«Вот сижу я, сорокасемилетний, с седой уже бородкой человек… И институт далек, и бедность — тьфу-тьфу-тьфу — не грозит, и заказы есть, и издатели любят меня, и черная папка мало-помалу становится реальностью, но тоска сжимает мне что-то под горлом, и страшно мне. Я бегу в спасительную суету будней, в маленькие радости игрушечного общения, в призрачные надежды, а потом томлюсь о смерти дня, с тоской ожидая рождения дня нового… Весь день (как в детстве) боязливый выход к свету. Внутренняя нервная суета, выход на улицу. Внутри меня, усталого и слабого, торопливый, вздорный человек, жадно и бессмысленно глотающий время и давящийся им. А потом усталое и неполное отдохновение, день переходит в вечер, телевизор, телефон, и смерть дня, и ожидание сна».

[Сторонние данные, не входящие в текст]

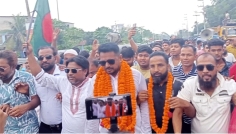 কটিয়াদীতে কেন্দ্রীয় যুবদল নেতা মর্তুজা কামালকে বর্ণাঢ্য সংবর্ধনা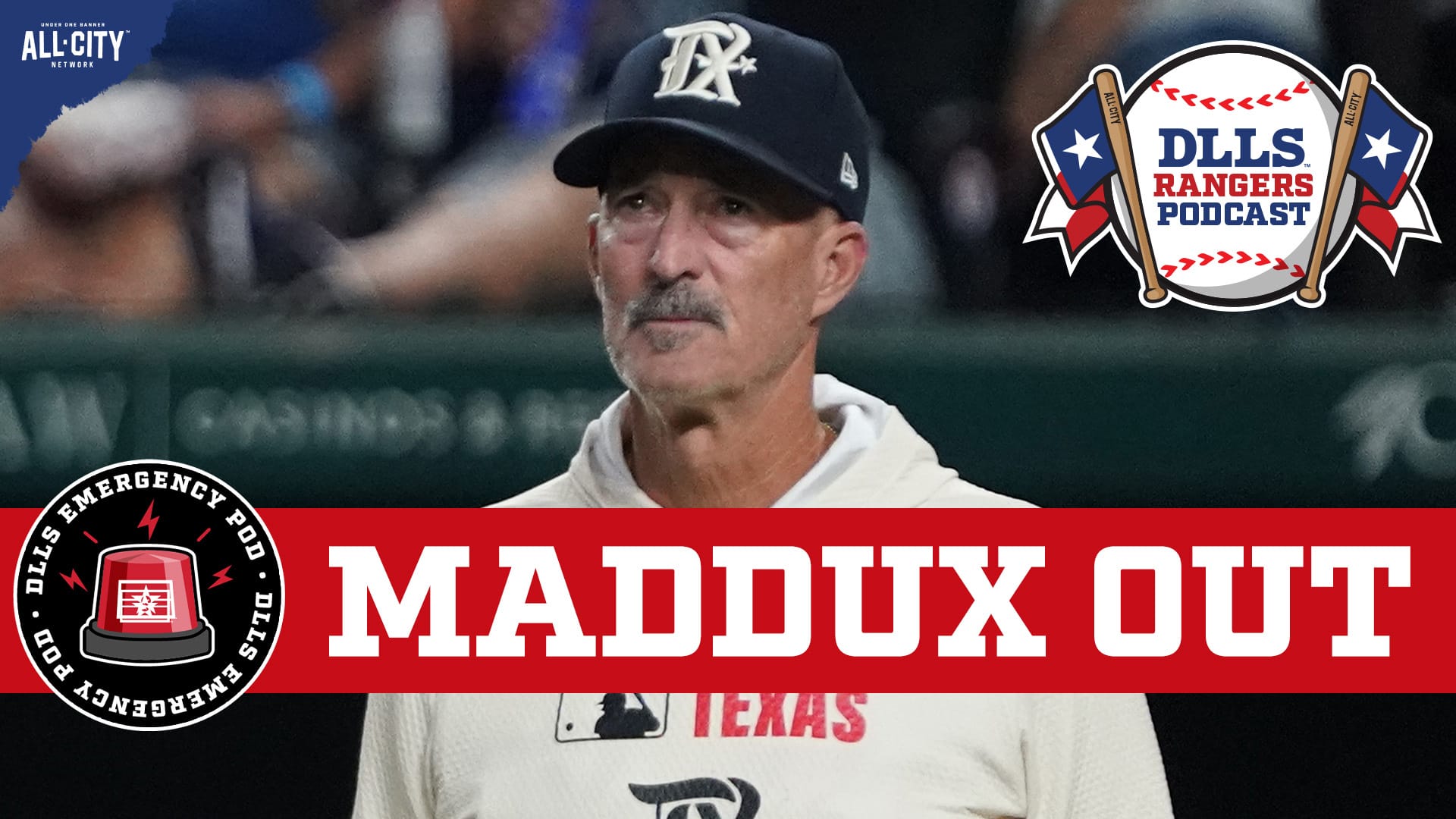 Texas Rangers Mike Maddux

Честное слово, если бы не три десятка книг, сочиненных и изданных после 1977-го, мне было бы стыдно не только переписывать эти фразы, но даже перечитывать их!
Неподвижное время. 1980–1985
Если ты, черт побери, честен, то во всем, что происходит, есть и твоя вина.
Июль 1980-го. Мы с мамой — она всегда сопровождала меня в случае важных событий — сидим в коридоре университета, тогда еще ЛГУ им. А. А. Жданова. У меня в руках сигнальный экземпляр «Ватто» и только что полученный красный кожаный с золотым тиснением «Диплом доктора наук». Вчера я вернулся еще из одного путешествия во Францию, в Ленинграде меня ждали только что вышедшая книжка и этот роскошный документ, венчавший многолетнюю (с 1977 года) эпопею. По всем понятиям — звездный час.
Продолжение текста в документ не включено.